Nigeria’s maritime experts have raised the alarm over the estimated annual loss of $500 million in shipbroking revenue, attributing the shortfall to the persistent dominance of foreign firms in vessel chartering and brokerage services. The stakeholders say the country’s inability to harness the full potential of its maritime sector is costing the economy heavily, with urgent calls being made for regulatory reforms and investment in local capacity.
The Nigerian Chamber of Shipping (NCS), Association of Marine Engineers and Surveyors, and other maritime professionals have voiced concerns that the lack of a structured and vibrant indigenous shipbroking industry continues to divert potential revenue to foreign operators. They argue that if properly developed and regulated, shipbroking — which involves the negotiation, sale, and leasing of vessels — could be a major contributor to Nigeria’s non-oil revenue.

Speaking during a recent forum in Lagos, the President of the Nigerian Chamber of Shipping, Aminu Umar, described the loss as a result of both policy neglect and underinvestment in the training and empowerment of local shipbrokers. He emphasized that Nigeria, with its extensive coastline and strategic location in West Africa, has the capacity to be a regional hub for maritime services, including brokerage, crewing, ship management, and surveying.
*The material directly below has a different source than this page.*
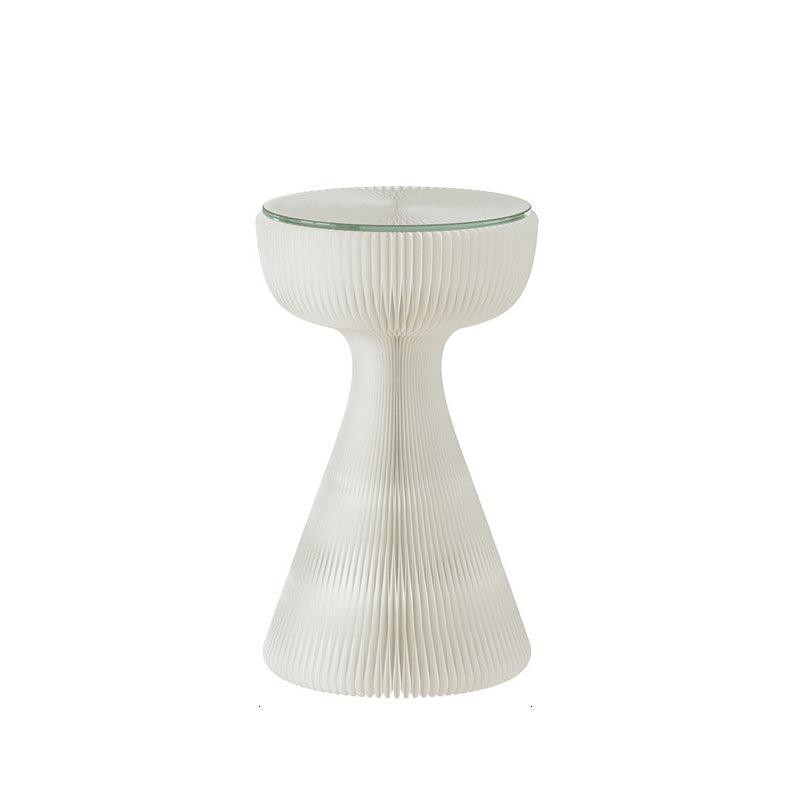 Contemporary Creative Tempered Glass Paper Cone Round End Table 1-Tier For Living Room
Umar noted that shipbroking has become a critical component of global maritime trade and that other countries are reaping immense benefits through strategic positioning and investment. Unfortunately, in Nigeria, most vessel chartering and commercial shipping contracts are still being negotiated by foreign entities, often sidelining qualified Nigerian professionals.
He lamented the absence of comprehensive legislation or policies that support the development of shipbroking as a formal industry. According to him, local professionals are frequently denied opportunities to participate in deals involving ships transporting crude oil, petroleum products, LNG, and dry bulk cargo, despite the fact that these commodities originate from Nigerian ports.
Other stakeholders also attributed the situation to the absence of a national fleet and the decline of indigenous shipping companies. Without active local players in vessel ownership and management, foreign firms dominate the scene and dictate the terms of business, including brokerage arrangements. As a result, revenue that should be retained within the Nigerian economy continues to flow out to foreign companies.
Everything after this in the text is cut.